= GIVEN DATA =
------

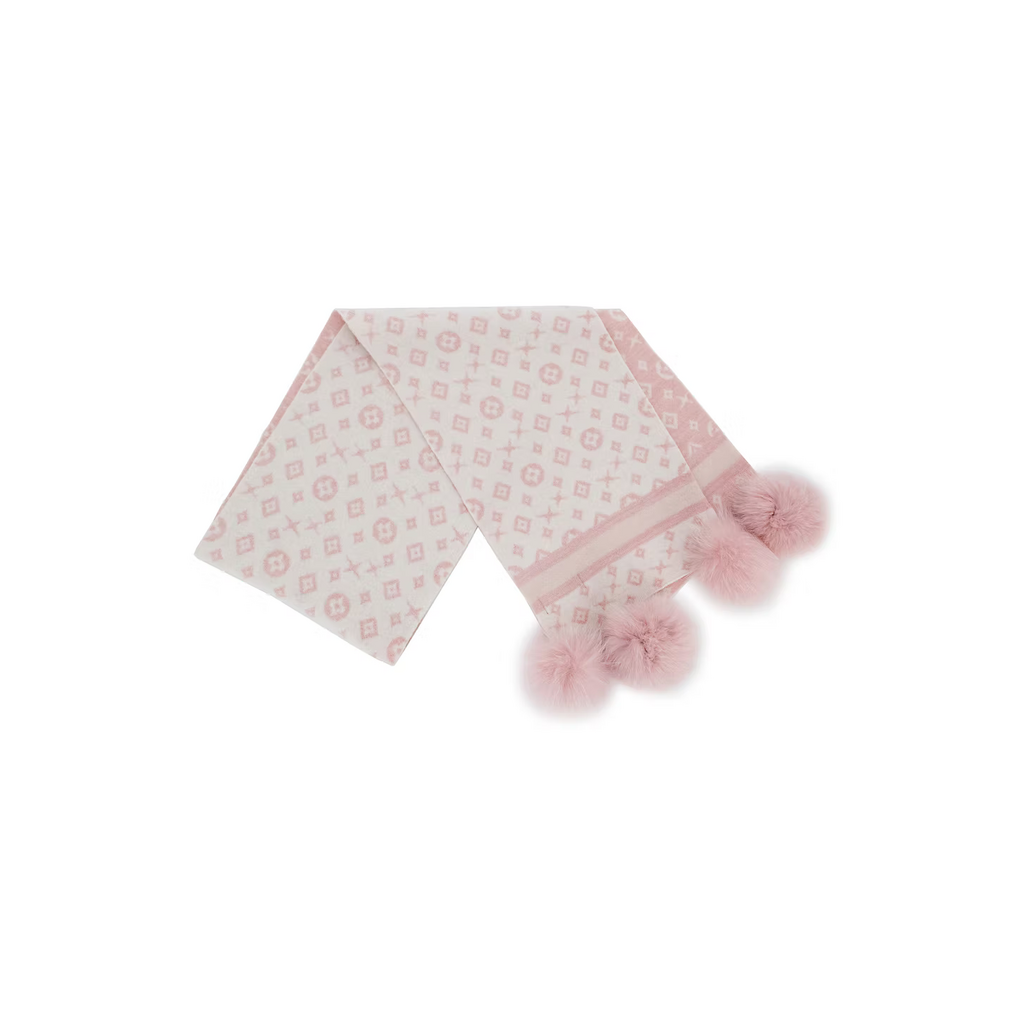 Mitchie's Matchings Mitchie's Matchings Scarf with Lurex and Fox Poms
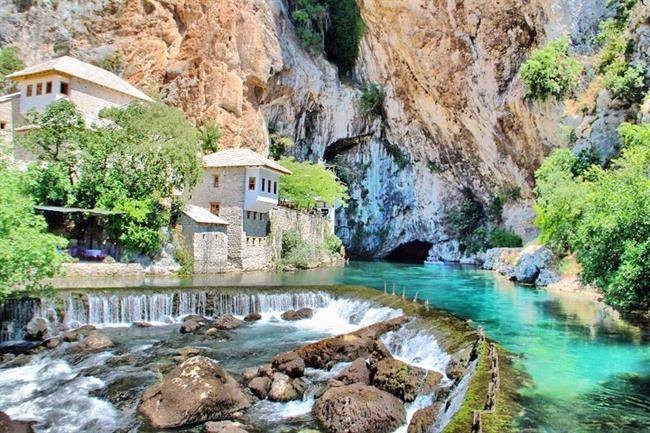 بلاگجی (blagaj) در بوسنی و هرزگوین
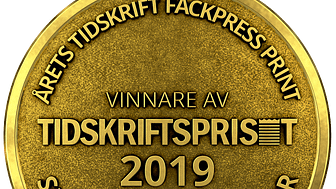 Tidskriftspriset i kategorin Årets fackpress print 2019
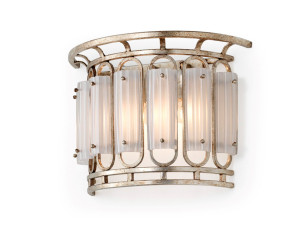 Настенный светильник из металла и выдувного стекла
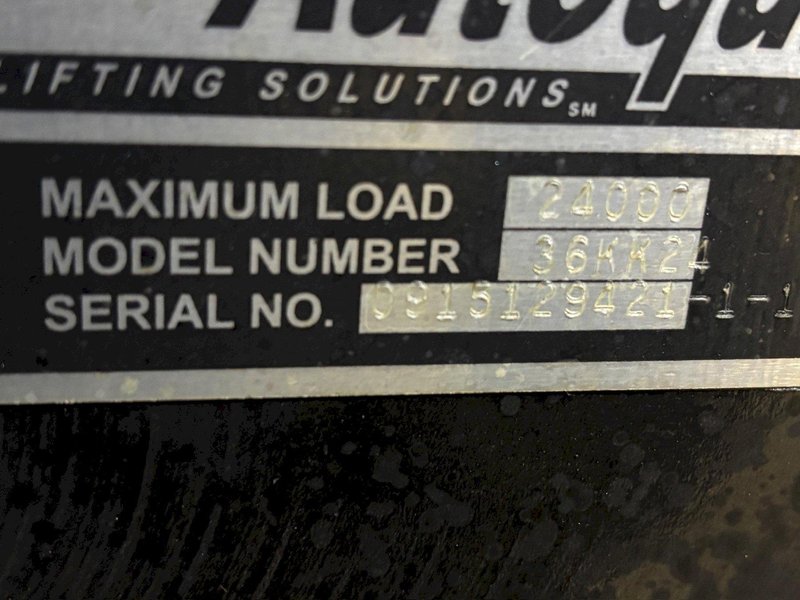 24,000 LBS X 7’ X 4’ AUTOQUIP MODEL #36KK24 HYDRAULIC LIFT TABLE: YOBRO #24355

------

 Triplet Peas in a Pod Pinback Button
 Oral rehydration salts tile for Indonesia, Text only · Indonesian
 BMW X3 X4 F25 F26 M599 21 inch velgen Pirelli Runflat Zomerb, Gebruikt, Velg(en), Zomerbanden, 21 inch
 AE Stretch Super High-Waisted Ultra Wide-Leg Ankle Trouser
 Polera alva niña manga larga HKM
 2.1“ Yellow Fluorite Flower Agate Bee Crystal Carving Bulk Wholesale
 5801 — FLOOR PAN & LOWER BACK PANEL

------

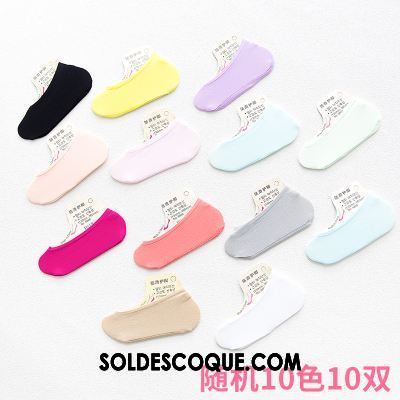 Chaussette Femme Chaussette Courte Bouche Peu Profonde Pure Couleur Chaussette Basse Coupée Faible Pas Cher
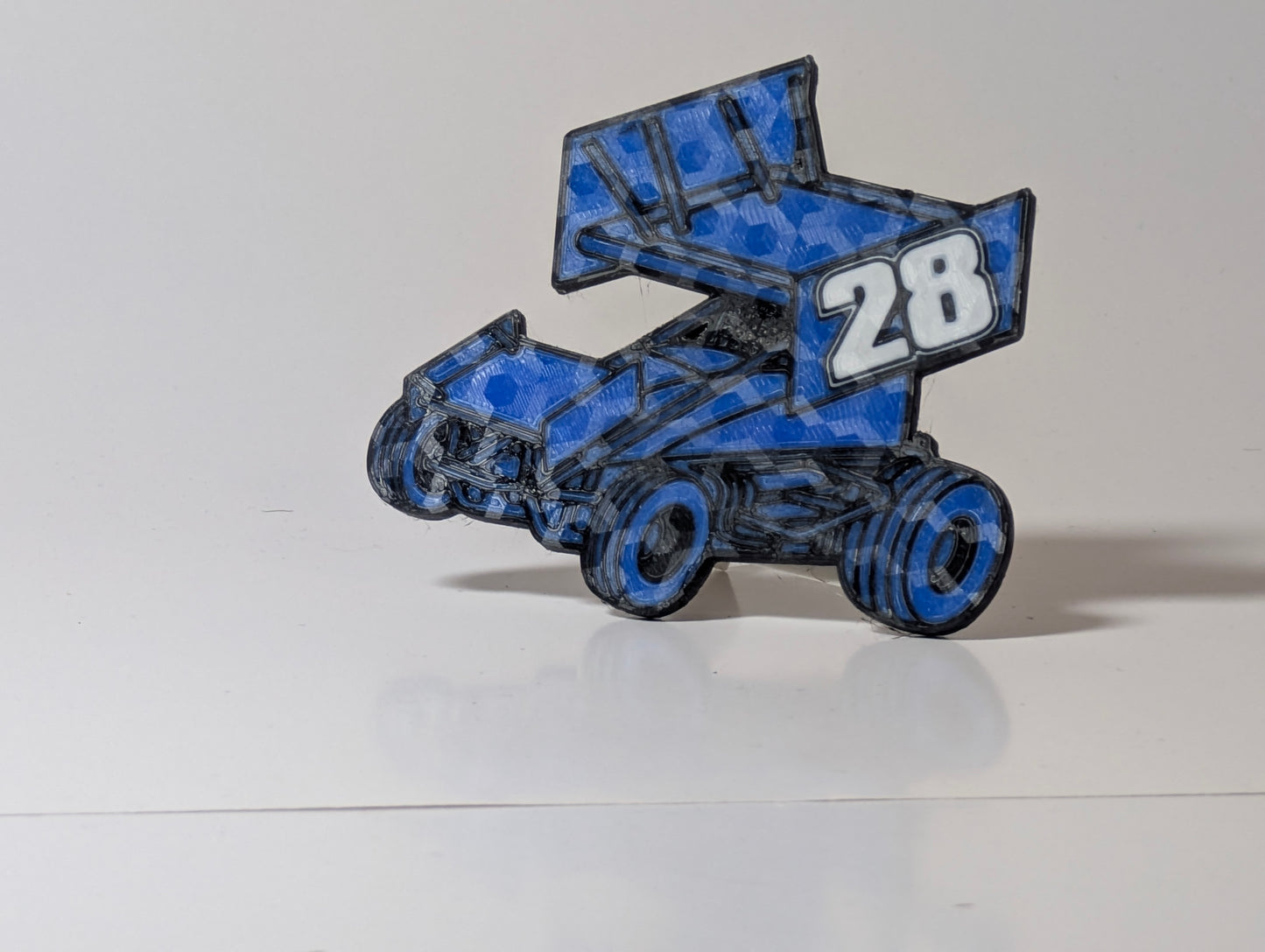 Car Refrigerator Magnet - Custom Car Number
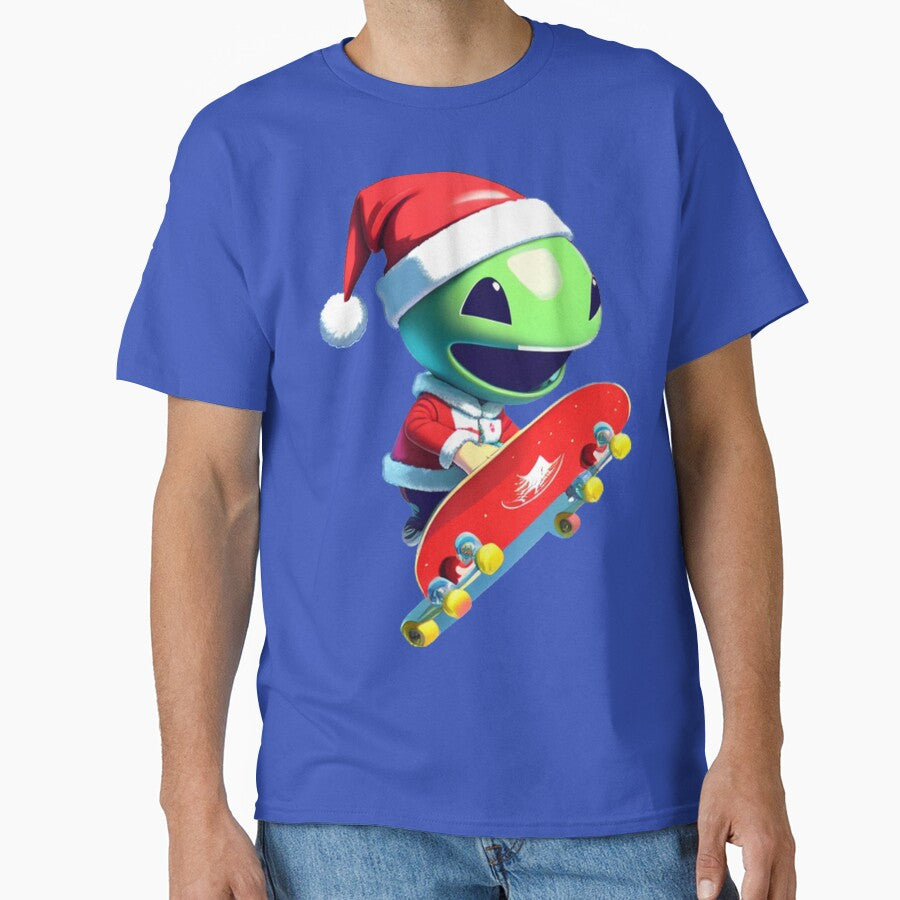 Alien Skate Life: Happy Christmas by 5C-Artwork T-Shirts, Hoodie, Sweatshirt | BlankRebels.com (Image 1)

------

= WHAT YOU SHOULD DO =
Using the records above, return verbatim only the part that opens with the line containing "Настенный светильник из" and closes with the line containing "24,000 LBS X"; pictures stay out.

= ANSWER SECTION =
 Настенный светильник из металла и выдувного стекла
 24,000 LBS X 7’ X 4’ AUTOQUIP MODEL #36KK24 HYDRAULIC LIFT TABLE: YOBRO #24355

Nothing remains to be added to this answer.